IWPR’s new report, Making the Right Call: Jobs and Diversity in the Communications and Media Sector, analyzes data from the U.S. Bureau of Labor Statistics, the EEOC, and the U.S. Census Bureau, finding that the growth of “new” digital and cable media relegates women and minorities to lower-paying jobs without the union protections and higher earnings of the traditional wireline media. The report is available at: http://www.iwpr.org/pdf/C364.pdf

The LCCREF analysis, Employment Trends in the Communications and Media Industries, discusses how rapid media consolidation over the last decade threatens the quality of job opportunities for women and minorities.


“Diversity in communications is the civil rights issue of the 21st century – one that our nation has yet to take seriously,” said Wade Henderson, executive director of the Leadership Conference on Civil Rights (LCCR) and counselor to LCCR’s public education arm, LCCREF. “The concentration of control of media and technology in the hands of a few threatens our nation’s progress in living up to its ideals of equality and opportunity.”

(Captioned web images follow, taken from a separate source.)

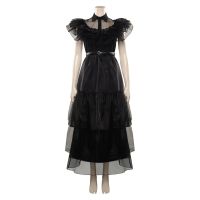 [COD] Addams black dress cosplay costume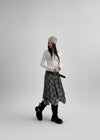 Beeoping Buckle Suede Long Boots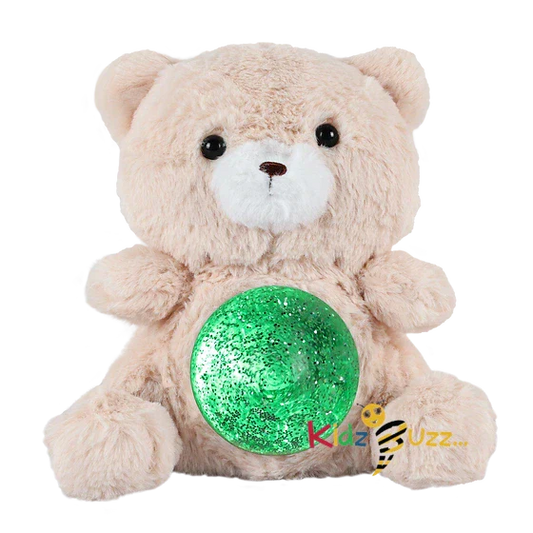 Biscuit Teddy With Light Soft Toy Magic Belly Bear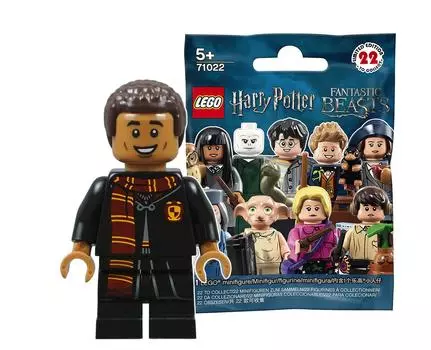 Минифигурка LEGO Harry Potter Series 1 Дин Томас LEGO Harry Potter Collectible Minifigures Series1 Дин Томас [71022-8]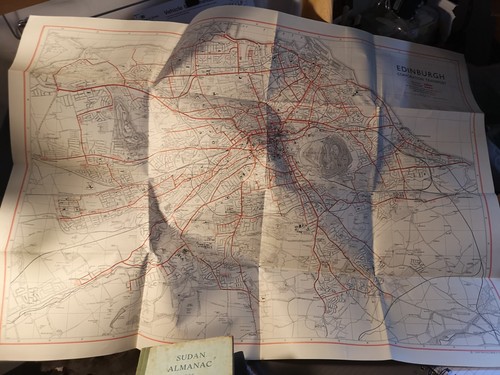 Vintage edinburgh bus route - vintage,
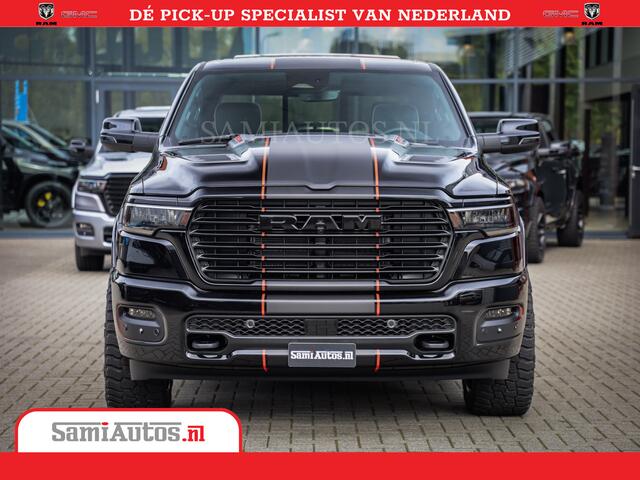 Dodge 1500 RAM Night Premium | Full Option | De Meest Luxe Pick-Up in zijn Klasse | Comfortabele Dubbele Cabine met Royale 5 Zitplaatsen | BPM vrij | Nu Leverbaar uit Voorraad | Voorraad Nr 2283 - 3326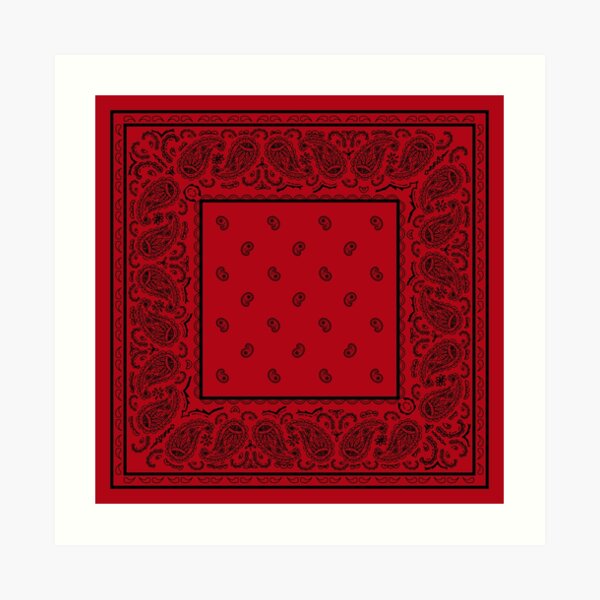 "Red and Black Bandana" Art Print for Sale by NolaLeeKelsey Redbubble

“The way the digital divide affects workers is often overlooked. Women and minorities have long seen stable, unionized, higher-paid jobs in wired communications. Our report shows that with the expansion of technologies, access to high-quality jobs in the Communications and Media sectors is diminishing,” notes IWPR president Dr. Heidi Hartmann.

Linda Foley, president of The Newspaper Guild-CWA, added, “The concentration of media ownership by corporate giants exacerbates the historic under-representation of women and minorities in our media industries. Preserving and expanding diversity of media ownership is absolutely critical to growing employment for women and minorities in the media industry.”

Congress is considering reform of the nation’s communications laws. The LCCREF report also contains recommendations that consider the impact that changes in these industries are having on jobs for women and minorities.